**** Recorded information

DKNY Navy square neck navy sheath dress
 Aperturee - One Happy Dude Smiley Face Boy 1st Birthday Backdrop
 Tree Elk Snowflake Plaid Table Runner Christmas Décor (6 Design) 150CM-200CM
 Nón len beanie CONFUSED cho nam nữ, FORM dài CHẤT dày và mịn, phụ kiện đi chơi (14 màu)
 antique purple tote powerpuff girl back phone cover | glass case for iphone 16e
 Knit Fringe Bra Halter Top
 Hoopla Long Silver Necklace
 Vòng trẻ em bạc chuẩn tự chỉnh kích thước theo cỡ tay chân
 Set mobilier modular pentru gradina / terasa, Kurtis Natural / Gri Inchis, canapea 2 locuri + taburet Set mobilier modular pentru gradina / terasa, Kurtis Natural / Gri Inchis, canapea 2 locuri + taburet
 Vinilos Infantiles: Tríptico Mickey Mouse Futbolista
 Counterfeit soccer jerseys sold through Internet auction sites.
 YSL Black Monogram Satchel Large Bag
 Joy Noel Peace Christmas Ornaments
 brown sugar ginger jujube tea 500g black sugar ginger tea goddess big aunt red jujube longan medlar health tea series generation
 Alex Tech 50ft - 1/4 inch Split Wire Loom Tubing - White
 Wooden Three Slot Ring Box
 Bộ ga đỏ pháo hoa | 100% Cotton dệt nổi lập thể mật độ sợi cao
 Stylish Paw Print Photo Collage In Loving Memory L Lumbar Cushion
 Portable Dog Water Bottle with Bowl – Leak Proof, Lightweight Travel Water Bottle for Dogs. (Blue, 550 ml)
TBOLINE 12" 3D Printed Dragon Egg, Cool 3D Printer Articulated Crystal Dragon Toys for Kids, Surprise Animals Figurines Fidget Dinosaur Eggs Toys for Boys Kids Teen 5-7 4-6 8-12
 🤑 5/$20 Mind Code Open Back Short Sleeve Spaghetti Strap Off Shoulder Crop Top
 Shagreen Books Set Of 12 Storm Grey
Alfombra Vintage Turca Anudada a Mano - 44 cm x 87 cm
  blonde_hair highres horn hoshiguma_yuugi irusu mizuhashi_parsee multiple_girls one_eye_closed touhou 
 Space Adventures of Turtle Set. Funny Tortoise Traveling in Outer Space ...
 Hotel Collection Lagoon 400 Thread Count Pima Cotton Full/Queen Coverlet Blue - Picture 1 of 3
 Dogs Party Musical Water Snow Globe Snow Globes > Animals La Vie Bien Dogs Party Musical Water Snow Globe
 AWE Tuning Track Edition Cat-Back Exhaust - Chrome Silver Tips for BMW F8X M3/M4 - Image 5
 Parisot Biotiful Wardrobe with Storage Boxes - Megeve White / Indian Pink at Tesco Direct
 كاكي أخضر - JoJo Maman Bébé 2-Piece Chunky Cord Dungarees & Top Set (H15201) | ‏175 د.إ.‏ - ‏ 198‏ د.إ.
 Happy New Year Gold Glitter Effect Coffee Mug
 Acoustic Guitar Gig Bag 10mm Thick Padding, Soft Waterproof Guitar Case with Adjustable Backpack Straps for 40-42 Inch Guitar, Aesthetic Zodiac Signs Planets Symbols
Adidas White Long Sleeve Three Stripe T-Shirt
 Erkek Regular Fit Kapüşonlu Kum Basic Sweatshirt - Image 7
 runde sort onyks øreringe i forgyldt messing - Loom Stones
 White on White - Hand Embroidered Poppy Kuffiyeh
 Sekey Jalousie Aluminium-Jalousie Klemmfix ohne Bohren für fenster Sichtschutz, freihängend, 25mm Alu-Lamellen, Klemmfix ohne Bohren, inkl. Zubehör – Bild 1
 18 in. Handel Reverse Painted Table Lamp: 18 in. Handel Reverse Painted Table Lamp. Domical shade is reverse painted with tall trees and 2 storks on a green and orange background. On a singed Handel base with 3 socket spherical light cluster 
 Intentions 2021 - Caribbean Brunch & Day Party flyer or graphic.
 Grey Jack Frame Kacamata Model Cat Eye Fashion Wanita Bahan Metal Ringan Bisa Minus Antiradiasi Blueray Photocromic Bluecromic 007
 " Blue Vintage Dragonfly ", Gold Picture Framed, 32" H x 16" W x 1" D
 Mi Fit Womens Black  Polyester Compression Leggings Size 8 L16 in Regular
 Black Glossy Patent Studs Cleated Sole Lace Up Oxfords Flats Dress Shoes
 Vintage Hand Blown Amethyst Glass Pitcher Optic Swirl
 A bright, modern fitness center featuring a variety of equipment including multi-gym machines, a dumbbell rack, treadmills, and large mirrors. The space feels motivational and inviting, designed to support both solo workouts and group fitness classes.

********

__Task to complete__: Report the number of lines above holding "Gold", and only that.

__Answer for the task__: 2